» **Your goal**: With the records below as your source, retype each line exactly from the top down to the line that contains "Certified 2026 Volkswagen", and include that line.

(Dataset records)

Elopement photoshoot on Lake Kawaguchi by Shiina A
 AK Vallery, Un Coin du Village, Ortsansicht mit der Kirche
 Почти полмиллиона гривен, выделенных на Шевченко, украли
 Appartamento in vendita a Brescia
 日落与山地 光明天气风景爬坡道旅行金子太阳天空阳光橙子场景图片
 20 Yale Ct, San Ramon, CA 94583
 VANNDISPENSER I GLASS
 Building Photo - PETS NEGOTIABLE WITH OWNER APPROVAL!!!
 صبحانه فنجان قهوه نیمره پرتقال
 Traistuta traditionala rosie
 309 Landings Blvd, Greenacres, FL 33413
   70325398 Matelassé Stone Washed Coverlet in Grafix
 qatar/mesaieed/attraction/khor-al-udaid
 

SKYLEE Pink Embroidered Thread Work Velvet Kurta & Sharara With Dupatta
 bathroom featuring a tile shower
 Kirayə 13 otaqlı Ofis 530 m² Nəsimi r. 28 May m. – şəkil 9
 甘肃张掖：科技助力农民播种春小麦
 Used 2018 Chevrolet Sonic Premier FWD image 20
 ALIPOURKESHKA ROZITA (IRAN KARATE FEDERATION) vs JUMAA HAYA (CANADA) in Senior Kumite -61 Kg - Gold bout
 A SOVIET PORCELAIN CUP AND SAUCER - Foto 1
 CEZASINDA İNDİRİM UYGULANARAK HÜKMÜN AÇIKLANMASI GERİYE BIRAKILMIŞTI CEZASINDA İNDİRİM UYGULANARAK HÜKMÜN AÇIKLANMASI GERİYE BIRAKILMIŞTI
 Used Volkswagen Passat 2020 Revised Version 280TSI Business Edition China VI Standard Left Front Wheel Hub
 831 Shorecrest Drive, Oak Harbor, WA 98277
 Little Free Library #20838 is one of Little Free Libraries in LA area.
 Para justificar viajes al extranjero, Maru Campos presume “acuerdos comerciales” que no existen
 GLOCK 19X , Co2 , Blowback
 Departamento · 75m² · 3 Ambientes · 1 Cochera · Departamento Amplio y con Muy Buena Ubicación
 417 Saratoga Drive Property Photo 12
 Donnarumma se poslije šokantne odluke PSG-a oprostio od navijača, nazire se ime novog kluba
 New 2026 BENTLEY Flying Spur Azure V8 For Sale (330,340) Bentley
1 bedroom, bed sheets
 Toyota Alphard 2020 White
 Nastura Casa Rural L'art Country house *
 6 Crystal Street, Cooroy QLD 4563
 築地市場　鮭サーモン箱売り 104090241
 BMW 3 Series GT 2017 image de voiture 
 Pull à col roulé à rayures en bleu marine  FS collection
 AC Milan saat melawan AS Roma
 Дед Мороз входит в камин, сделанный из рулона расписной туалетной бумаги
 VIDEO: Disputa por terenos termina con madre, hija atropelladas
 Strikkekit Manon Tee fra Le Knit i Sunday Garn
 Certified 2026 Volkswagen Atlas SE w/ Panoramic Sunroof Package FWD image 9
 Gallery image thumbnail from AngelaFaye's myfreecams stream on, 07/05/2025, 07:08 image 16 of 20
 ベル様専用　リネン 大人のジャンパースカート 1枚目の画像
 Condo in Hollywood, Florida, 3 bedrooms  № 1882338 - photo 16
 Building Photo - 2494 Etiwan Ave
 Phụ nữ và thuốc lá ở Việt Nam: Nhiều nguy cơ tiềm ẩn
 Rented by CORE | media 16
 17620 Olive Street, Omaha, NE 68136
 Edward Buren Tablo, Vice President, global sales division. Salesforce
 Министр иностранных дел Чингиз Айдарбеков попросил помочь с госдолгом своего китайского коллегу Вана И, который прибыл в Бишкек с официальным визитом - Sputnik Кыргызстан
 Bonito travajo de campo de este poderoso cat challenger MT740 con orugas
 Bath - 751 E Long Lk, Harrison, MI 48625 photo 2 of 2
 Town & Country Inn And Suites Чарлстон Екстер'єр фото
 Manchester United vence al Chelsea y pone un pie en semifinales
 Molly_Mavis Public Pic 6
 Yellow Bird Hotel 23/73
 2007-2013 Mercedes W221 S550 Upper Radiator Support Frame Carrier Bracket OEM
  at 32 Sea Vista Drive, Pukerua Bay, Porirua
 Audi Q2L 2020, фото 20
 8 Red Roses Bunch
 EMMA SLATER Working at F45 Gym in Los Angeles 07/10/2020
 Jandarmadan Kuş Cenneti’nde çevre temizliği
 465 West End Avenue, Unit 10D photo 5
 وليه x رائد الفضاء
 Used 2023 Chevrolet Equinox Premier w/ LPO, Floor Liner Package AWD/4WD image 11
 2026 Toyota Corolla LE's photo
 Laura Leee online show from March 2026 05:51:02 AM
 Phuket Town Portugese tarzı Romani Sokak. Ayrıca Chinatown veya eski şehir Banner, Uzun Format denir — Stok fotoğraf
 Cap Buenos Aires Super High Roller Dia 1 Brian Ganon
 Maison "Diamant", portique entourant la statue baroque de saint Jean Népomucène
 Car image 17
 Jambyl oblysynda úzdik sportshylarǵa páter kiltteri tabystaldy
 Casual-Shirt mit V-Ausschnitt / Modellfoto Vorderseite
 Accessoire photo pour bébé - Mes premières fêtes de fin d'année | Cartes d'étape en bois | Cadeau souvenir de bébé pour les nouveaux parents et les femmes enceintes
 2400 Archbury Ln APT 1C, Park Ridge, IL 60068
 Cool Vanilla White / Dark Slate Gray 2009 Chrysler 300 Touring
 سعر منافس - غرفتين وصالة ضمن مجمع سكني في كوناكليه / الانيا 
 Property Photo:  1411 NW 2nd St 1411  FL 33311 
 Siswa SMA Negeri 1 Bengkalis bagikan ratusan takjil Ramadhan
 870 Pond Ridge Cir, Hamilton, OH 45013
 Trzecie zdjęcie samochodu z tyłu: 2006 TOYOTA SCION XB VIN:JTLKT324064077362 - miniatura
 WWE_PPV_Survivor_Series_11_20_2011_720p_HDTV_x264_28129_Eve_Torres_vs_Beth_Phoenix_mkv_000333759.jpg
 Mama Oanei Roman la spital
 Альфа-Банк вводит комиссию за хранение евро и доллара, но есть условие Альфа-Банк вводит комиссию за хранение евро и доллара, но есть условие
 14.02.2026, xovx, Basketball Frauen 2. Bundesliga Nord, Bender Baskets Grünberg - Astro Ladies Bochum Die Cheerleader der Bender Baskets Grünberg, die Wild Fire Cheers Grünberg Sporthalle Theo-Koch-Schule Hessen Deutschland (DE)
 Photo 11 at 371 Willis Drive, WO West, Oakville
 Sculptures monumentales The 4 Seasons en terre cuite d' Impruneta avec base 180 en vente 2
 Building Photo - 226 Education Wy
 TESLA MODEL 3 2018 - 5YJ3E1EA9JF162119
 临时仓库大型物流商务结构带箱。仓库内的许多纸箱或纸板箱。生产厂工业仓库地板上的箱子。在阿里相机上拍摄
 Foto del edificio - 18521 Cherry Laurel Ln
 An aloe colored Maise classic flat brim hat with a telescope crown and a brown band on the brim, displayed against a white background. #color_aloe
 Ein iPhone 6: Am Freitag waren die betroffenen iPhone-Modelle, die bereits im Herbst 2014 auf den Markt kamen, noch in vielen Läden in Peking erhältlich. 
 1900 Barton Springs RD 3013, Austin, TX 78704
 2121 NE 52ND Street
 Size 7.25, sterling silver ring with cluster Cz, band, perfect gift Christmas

(End Dataset records)

» **Response area**:
Elopement photoshoot on Lake Kawaguchi by Shiina A
 AK Vallery, Un Coin du Village, Ortsansicht mit der Kirche
 Почти полмиллиона гривен, выделенных на Шевченко, украли
 Appartamento in vendita a Brescia
 日落与山地 光明天气风景爬坡道旅行金子太阳天空阳光橙子场景图片
 20 Yale Ct, San Ramon, CA 94583
 VANNDISPENSER I GLASS
 Building Photo - PETS NEGOTIABLE WITH OWNER APPROVAL!!!
 صبحانه فنجان قهوه نیمره پرتقال
 Traistuta traditionala rosie
 309 Landings Blvd, Greenacres, FL 33413
   70325398 Matelassé Stone Washed Coverlet in Grafix
 qatar/mesaieed/attraction/khor-al-udaid
 

SKYLEE Pink Embroidered Thread Work Velvet Kurta & Sharara With Dupatta
 bathroom featuring a tile shower
 Kirayə 13 otaqlı Ofis 530 m² Nəsimi r. 28 May m. – şəkil 9
 甘肃张掖：科技助力农民播种春小麦
 Used 2018 Chevrolet Sonic Premier FWD image 20
 ALIPOURKESHKA ROZITA (IRAN KARATE FEDERATION) vs JUMAA HAYA (CANADA) in Senior Kumite -61 Kg - Gold bout
 A SOVIET PORCELAIN CUP AND SAUCER - Foto 1
 CEZASINDA İNDİRİM UYGULANARAK HÜKMÜN AÇIKLANMASI GERİYE BIRAKILMIŞTI CEZASINDA İNDİRİM UYGULANARAK HÜKMÜN AÇIKLANMASI GERİYE BIRAKILMIŞTI
 Used Volkswagen Passat 2020 Revised Version 280TSI Business Edition China VI Standard Left Front Wheel Hub
 831 Shorecrest Drive, Oak Harbor, WA 98277
 Little Free Library #20838 is one of Little Free Libraries in LA area.
 Para justificar viajes al extranjero, Maru Campos presume “acuerdos comerciales” que no existen
 GLOCK 19X , Co2 , Blowback
 Departamento · 75m² · 3 Ambientes · 1 Cochera · Departamento Amplio y con Muy Buena Ubicación
 417 Saratoga Drive Property Photo 12
 Donnarumma se poslije šokantne odluke PSG-a oprostio od navijača, nazire se ime novog kluba
 New 2026 BENTLEY Flying Spur Azure V8 For Sale (330,340) Bentley
1 bedroom, bed sheets
 Toyota Alphard 2020 White
 Nastura Casa Rural L'art Country house *
 6 Crystal Street, Cooroy QLD 4563
 築地市場　鮭サーモン箱売り 104090241
 BMW 3 Series GT 2017 image de voiture 
 Pull à col roulé à rayures en bleu marine  FS collection
 AC Milan saat melawan AS Roma
 Дед Мороз входит в камин, сделанный из рулона расписной туалетной бумаги
 VIDEO: Disputa por terenos termina con madre, hija atropelladas
 Strikkekit Manon Tee fra Le Knit i Sunday Garn
 Certified 2026 Volkswagen Atlas SE w/ Panoramic Sunroof Package FWD image 9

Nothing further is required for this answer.